ENNA (ITALPRESS) – «Reddito medio pro capite inferiore del 35% rispetto alla media italiana; tasso di disoccupazione al 13,3% contro il 7,6% nazionale: sono alcuni dati che illustrano la gravità della situazione in Sicilia. E il 20% degli «scoraggiati» italiani si trova nell’isola. E questa situazione si aggrava nelle zone interne». Lo rende noto la Cgil, spiegando in particolare che ad Enna, dove si è svolta la marcia regionale per il lavoro promossa dal sindacato, il tasso di disoccupazione delle giovani donne raggiunge il 47,5% e il valore aggiunto è appena lo 0,1% del Pil nazionale. «Chiediamo – ha detto Mariella Maggio, segretaria generale della Cgil Sicilia – che i nostri giovani non siano costretti ad andare via dalla Sicilia».

Richiamati nel comizio della sindacalista «i conti in rosso della regione, che certo non aiutano, così come non aiuta il bilancio provvisorio, se ragioniamo – ha sottolineato – nell’ottica degli investimenti indispensabili per creare occupazione». Maggio ha auspicato che «la legge sulla semplificazione amministrativa diventi subito operativa, per contribuire ad attrarre investimenti e per garantire la legalità nell’amministrazione». La Cgil chiede al governo Berlusconi “un fisco più giusto e più leggero per i lavoratori e i pensionati, la lotta all’evasione, investimenti in infrastrutture, per l’apparato produttivo e per la conoscenza e il diritto allo studio, ammortizzatori sociali estesi anche ai precari, incentivi pure per l’occupazione femminile».

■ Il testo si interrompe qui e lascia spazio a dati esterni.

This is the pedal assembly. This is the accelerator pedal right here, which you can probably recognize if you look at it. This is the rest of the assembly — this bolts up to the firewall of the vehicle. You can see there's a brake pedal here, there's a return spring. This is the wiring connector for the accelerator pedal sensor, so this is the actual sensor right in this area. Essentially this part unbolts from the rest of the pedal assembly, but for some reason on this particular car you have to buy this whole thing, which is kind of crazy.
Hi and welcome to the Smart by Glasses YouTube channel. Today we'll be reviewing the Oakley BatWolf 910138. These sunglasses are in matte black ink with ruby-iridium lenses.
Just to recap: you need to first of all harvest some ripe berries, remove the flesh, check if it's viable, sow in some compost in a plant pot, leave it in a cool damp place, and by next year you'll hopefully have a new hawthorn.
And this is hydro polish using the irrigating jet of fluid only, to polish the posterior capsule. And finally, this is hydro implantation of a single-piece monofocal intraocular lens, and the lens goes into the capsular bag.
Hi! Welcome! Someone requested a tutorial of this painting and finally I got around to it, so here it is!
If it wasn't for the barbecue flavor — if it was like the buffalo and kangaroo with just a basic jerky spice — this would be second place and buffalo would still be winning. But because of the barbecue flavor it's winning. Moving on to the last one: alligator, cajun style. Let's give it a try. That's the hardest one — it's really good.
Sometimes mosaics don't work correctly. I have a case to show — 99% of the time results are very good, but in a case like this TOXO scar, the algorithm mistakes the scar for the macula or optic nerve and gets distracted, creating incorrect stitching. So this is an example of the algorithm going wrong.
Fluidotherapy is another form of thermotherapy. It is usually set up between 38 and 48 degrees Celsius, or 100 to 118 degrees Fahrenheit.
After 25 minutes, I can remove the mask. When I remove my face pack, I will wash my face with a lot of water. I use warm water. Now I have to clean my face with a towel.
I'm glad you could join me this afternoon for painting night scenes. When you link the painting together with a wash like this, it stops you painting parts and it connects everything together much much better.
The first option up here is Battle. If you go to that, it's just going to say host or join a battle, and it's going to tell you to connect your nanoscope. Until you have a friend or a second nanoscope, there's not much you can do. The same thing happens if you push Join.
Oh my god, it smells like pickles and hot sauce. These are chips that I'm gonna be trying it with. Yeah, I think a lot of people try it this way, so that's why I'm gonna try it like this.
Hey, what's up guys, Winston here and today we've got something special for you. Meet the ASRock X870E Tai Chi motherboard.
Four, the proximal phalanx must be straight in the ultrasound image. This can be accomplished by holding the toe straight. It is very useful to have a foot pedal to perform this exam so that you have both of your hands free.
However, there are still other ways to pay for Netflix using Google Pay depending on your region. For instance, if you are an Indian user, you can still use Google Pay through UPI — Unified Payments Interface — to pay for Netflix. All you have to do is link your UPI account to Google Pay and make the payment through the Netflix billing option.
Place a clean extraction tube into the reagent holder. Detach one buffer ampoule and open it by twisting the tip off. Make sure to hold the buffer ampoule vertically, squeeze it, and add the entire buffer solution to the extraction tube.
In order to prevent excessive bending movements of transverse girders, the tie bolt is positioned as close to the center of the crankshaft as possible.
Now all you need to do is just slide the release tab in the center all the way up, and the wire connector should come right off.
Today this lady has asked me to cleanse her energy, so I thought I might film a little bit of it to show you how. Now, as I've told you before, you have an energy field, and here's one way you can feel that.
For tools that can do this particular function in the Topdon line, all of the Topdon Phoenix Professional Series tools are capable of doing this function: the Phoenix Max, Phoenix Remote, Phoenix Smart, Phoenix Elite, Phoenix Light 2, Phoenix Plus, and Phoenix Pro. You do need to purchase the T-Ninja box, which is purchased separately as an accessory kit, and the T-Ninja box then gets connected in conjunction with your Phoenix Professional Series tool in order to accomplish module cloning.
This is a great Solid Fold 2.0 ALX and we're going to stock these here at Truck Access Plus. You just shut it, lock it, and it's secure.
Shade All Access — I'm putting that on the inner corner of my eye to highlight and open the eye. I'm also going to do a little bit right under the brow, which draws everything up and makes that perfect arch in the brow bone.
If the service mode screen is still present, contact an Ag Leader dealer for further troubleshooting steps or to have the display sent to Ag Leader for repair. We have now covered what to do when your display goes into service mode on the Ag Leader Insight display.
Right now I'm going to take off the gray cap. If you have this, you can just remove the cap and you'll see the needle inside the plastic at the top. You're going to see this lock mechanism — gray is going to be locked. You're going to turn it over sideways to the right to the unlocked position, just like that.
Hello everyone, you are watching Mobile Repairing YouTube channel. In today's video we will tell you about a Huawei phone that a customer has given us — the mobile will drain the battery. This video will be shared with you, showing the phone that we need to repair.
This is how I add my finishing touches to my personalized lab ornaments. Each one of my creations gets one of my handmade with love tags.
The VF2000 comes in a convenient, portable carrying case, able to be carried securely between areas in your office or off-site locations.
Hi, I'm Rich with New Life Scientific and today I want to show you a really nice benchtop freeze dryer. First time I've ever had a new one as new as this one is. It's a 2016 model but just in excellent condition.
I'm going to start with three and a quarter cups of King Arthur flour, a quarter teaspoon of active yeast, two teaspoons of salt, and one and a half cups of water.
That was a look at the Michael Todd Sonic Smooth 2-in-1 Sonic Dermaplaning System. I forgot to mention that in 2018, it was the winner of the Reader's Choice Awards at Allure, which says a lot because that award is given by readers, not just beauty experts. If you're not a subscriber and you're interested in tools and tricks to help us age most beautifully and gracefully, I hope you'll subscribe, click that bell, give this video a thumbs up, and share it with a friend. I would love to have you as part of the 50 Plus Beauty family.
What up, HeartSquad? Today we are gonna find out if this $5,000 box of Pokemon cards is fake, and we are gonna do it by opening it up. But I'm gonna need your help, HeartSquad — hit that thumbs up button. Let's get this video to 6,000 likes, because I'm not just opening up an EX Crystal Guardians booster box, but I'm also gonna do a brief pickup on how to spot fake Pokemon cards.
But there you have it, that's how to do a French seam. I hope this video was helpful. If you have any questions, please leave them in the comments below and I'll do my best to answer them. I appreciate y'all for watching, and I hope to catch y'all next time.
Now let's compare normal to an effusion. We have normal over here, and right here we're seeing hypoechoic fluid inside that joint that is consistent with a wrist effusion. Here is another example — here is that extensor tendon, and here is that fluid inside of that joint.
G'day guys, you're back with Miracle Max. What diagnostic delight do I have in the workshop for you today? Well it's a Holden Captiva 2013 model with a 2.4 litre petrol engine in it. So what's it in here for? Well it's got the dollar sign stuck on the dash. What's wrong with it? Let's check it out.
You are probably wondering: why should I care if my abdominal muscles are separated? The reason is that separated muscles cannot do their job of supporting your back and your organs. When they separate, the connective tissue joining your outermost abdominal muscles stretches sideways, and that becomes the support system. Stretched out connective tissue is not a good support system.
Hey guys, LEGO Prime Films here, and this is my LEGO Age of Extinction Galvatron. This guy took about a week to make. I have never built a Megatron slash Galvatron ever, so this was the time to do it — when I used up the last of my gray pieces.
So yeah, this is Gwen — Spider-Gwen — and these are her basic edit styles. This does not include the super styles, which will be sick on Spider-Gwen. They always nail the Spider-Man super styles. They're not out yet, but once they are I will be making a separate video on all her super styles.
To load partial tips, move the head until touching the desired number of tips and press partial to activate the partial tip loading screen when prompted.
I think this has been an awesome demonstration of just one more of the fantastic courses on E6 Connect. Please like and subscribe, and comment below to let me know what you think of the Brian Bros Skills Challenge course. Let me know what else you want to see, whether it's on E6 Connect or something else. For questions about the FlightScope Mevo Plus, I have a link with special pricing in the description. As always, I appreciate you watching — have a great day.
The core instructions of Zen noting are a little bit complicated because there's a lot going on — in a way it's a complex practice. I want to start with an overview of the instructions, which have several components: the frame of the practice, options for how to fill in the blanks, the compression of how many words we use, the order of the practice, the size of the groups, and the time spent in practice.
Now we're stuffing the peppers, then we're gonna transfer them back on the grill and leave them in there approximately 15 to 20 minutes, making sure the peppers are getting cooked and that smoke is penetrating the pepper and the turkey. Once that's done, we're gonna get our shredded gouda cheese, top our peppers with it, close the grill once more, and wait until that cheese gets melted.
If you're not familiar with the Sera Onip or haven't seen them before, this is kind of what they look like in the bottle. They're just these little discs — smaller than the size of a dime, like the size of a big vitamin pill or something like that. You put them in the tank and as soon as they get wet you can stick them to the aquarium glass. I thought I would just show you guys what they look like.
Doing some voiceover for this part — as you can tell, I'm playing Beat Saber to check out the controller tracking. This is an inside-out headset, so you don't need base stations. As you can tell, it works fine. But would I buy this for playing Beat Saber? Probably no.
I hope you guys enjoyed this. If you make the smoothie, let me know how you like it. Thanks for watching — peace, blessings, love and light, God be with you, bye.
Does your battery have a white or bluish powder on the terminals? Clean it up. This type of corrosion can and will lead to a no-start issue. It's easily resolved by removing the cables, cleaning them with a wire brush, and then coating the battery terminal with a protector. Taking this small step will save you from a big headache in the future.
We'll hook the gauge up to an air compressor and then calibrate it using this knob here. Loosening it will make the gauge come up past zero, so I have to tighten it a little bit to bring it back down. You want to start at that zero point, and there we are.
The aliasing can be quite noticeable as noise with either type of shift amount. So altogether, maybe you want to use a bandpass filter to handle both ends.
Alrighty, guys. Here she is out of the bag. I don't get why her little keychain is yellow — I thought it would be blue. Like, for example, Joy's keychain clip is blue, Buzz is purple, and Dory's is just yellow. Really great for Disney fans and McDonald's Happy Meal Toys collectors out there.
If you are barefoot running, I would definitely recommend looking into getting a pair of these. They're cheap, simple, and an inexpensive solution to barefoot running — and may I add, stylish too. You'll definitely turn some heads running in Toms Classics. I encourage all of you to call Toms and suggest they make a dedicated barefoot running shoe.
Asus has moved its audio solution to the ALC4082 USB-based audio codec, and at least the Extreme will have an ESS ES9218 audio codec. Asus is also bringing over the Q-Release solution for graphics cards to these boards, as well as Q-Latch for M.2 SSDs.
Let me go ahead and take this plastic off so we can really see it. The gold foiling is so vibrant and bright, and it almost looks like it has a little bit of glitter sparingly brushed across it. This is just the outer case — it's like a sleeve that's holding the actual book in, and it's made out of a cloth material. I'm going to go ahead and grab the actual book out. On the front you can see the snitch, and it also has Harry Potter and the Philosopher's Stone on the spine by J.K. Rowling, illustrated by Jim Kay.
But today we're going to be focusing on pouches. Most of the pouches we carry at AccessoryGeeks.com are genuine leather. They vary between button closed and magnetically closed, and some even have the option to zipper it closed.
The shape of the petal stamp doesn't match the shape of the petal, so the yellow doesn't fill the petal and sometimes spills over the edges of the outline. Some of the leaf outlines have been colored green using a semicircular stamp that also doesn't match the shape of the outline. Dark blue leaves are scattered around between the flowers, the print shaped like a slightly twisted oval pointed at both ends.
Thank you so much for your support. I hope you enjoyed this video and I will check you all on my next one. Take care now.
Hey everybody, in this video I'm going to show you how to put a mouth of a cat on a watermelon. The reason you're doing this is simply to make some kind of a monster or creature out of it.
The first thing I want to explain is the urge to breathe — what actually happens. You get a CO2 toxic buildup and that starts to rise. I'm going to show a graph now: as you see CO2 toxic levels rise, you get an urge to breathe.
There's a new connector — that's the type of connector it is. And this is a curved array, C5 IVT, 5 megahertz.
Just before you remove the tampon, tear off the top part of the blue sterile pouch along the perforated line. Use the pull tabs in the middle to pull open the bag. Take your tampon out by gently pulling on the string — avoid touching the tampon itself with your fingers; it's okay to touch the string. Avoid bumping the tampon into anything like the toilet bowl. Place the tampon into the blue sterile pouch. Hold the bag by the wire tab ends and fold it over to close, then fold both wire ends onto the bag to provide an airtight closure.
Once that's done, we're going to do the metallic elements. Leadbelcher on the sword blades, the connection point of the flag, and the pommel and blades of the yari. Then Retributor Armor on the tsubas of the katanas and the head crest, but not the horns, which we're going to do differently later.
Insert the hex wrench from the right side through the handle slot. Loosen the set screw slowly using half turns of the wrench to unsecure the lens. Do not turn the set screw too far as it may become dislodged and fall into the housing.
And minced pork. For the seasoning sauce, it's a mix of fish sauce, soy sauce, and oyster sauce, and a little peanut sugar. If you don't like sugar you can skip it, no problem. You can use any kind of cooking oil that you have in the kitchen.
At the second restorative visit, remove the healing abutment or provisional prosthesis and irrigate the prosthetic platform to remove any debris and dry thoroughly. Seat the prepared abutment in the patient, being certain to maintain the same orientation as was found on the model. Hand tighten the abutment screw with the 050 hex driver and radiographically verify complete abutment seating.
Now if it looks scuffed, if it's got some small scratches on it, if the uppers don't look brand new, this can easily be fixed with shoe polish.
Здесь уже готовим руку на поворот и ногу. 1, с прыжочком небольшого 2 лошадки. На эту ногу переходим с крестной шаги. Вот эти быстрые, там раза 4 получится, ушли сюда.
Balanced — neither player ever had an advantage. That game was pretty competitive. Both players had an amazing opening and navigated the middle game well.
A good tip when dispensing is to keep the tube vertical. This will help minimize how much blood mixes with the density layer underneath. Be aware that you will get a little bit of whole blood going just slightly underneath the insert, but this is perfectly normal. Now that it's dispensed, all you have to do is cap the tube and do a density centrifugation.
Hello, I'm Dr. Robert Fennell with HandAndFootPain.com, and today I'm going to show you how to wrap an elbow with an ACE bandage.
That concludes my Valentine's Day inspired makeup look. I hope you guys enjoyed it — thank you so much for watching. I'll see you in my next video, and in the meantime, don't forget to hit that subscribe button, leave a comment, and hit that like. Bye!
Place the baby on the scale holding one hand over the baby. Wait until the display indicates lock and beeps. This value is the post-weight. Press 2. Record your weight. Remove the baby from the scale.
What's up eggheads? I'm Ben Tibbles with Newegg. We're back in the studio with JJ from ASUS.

E per creare lavoro sollecita il governo Lombardo a «essere conseguente rispetto alle posizioni espresse sul nucleare – ha sostenuto la Maggio – investendo sulle fonti rinnovabili, settore con grandi potenzialità anche occupazionali». Il lavoro, per la Cgil, può essere creato, inoltre, «attraverso un piano per la messa in sicurezza del territorio , con piani per il rilancio dell’apparato industriale e delle infrastrutture, e come occupazione collegata alle politiche sociali». «Noi – ha affermato la sindacalista – puntiamo a condizioni migliori delle attuali per la Sicilia. Migliori sotto il profilo dello sviluppo sostenibile, del lavoro e della legalità. Da Enna parte anche un forte appello a mettere in atto tutte le iniziative possibili a tutti i livelli per il ripristino della pace nel bacino del Mediterraneo. Anche un forte appello a mettere in atto tutte le iniziative possibili a tutti i livelli per il ripristino della pace nel bacino del Mediterraneo».